---------- Provided material

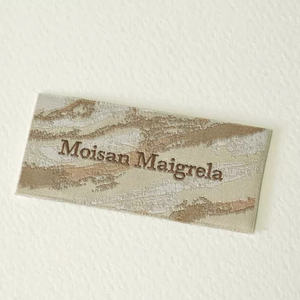 Étiquettes tissées personnalisées en damassé haute densité avec logo de marque et motif marbré, étiquette principale de col pour vêtements, vente en gros - Product Image 3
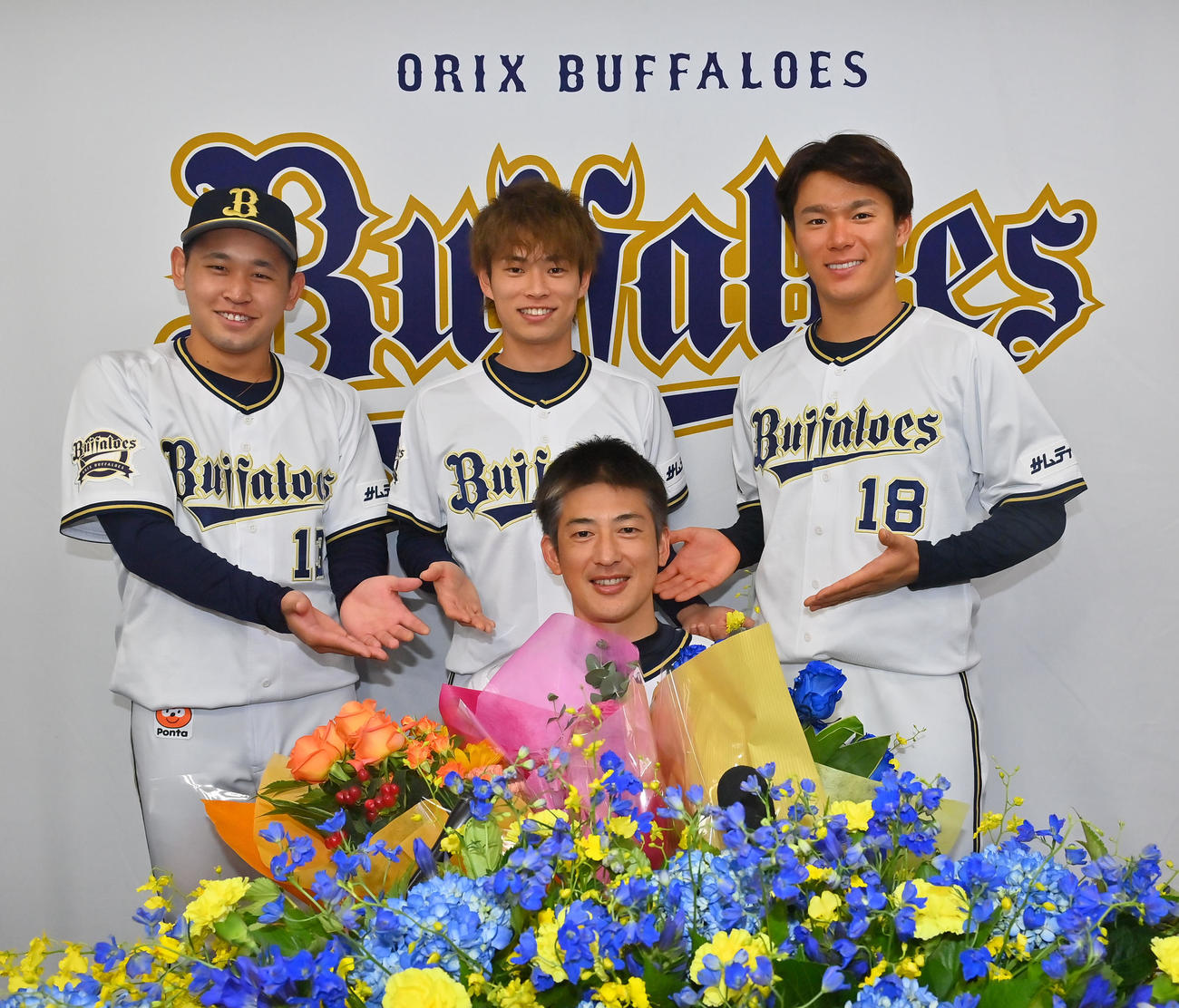 引退会見を行い（後列左から）宮城、山岡、山本から花束を贈られるオリックス能見（代表撮影）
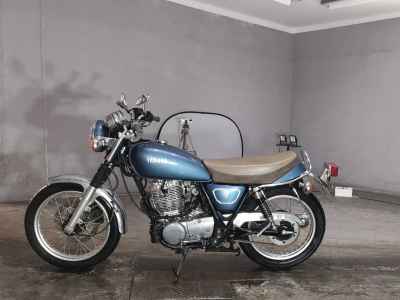 Yamaha SR400 2020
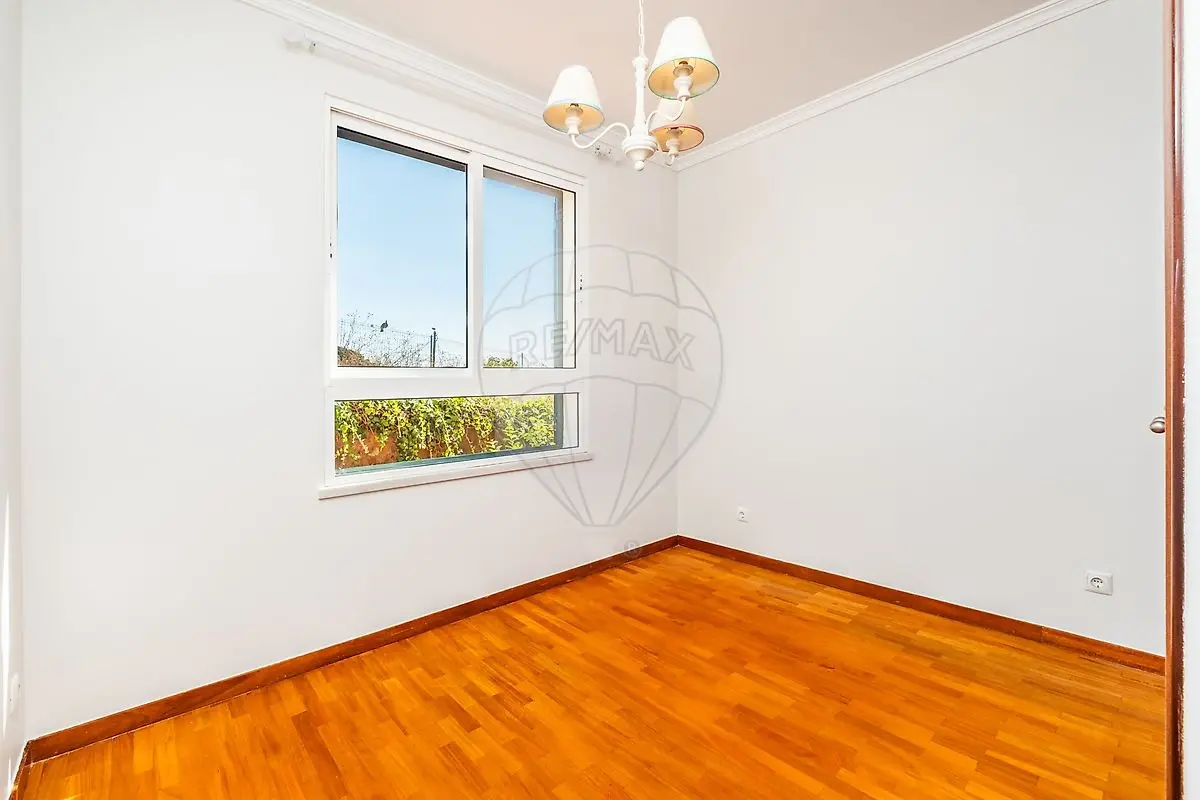 Apartamento T3 à venda em Caniço, Santa Cruz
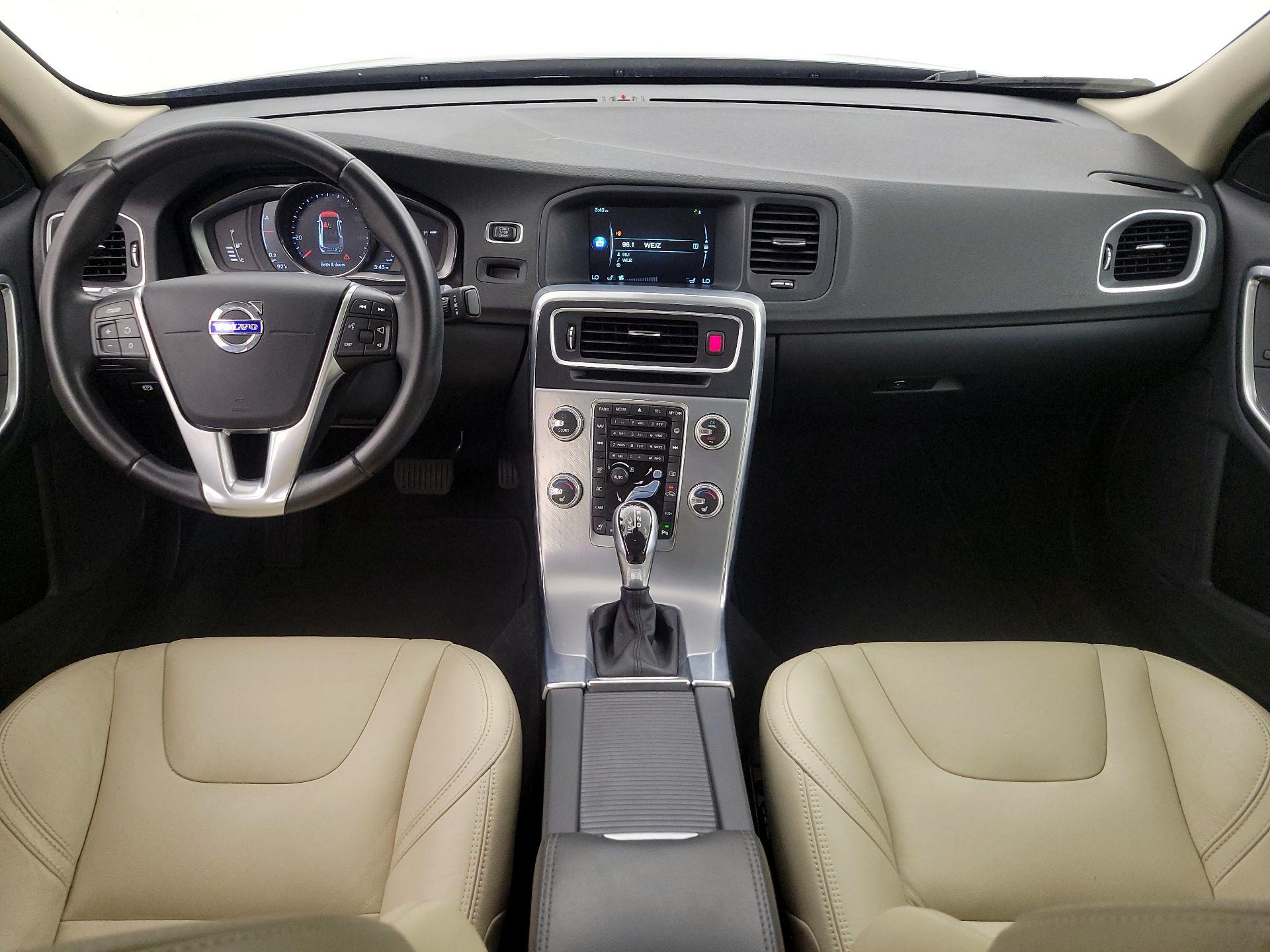 Thumbnail: 2017 Volvo S60 - 9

--------------------

Directions for this task ::
Print each entry shown above with exact wording and no pictures.

Solution for this problem ::
 Étiquettes tissées personnalisées en damassé haute densité avec logo de marque et motif marbré, étiquette principale de col pour vêtements, vente en gros - Product Image 3
 引退会見を行い（後列左から）宮城、山岡、山本から花束を贈られるオリックス能見（代表撮影）
 Yamaha SR400 2020
 Apartamento T3 à venda em Caniço, Santa Cruz
 Thumbnail: 2017 Volvo S60 - 9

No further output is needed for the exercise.